Recent reports of more troop and equipment movements into the separatist-held regions of Ukraine suggest that Russia is once again seeking to stir up trouble. The natural Western reaction has been to respond with firmness. Sanctions may be tightened; defensive weaponry may be provided to Ukraine’s underequipped and overmatched military. Given such bullying Russian tactics, this reaction is not only natural but perhaps inevitable.
Yet the Western policy response is half-wrong, and the incorrect part of it risks making 2015 just as bad a year for Ukrainian security and East-West relations as was 2014. Western policymakers do not deserve blame for the unconscionable tactics that Russian President Vladimir Putin has employed in Crimea and eastern Ukraine. But their actions risk reinforcing an action-reaction dynamic that will quite probably make the No. 1 victim of this crisis to date — the people of Ukraine — worse off than before.

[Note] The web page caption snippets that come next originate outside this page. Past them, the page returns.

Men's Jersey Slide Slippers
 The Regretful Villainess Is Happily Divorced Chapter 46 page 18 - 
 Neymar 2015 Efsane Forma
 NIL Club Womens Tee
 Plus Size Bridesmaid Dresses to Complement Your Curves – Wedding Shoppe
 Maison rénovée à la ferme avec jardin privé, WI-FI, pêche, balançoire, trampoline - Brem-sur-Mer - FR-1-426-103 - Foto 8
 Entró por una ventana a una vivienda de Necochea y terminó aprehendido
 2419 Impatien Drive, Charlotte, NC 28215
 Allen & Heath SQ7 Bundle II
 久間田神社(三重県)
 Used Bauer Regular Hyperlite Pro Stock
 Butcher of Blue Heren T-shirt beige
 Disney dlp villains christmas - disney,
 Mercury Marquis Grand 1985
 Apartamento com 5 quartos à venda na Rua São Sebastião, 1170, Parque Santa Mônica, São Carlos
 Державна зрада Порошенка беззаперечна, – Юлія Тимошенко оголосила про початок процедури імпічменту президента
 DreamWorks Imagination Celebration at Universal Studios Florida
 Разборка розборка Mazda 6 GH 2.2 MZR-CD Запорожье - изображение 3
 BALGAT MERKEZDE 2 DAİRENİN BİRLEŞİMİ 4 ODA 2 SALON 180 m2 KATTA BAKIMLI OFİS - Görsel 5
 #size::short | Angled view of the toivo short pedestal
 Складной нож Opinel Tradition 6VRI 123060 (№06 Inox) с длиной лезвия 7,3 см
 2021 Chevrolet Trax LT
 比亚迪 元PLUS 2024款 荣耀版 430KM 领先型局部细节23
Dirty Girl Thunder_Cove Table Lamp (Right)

This is not a moral question. It is entirely justifiable to provide weapons to a sovereign nation seeing its territory assaulted by a much more powerful neighbor. But regardless of right and wrong, the result of providing weapons will not be a robust self-defense capability for Ukraine. The Ukrainian military faces Russian armed forces more than five times as large and perhaps 10 to 20 times as powerful. Indeed, should such arms encourage Ukrainian President Petro Poroshenko to directly challenge Russian forces on his territory, the most likely outcome is escalation of the military crisis and a dramatic increase in death and destruction in Ukraine. Meanwhile, Russian propaganda would continue to vilify the West and sow the seeds of future crises elsewhere in Russia’s neighborhood.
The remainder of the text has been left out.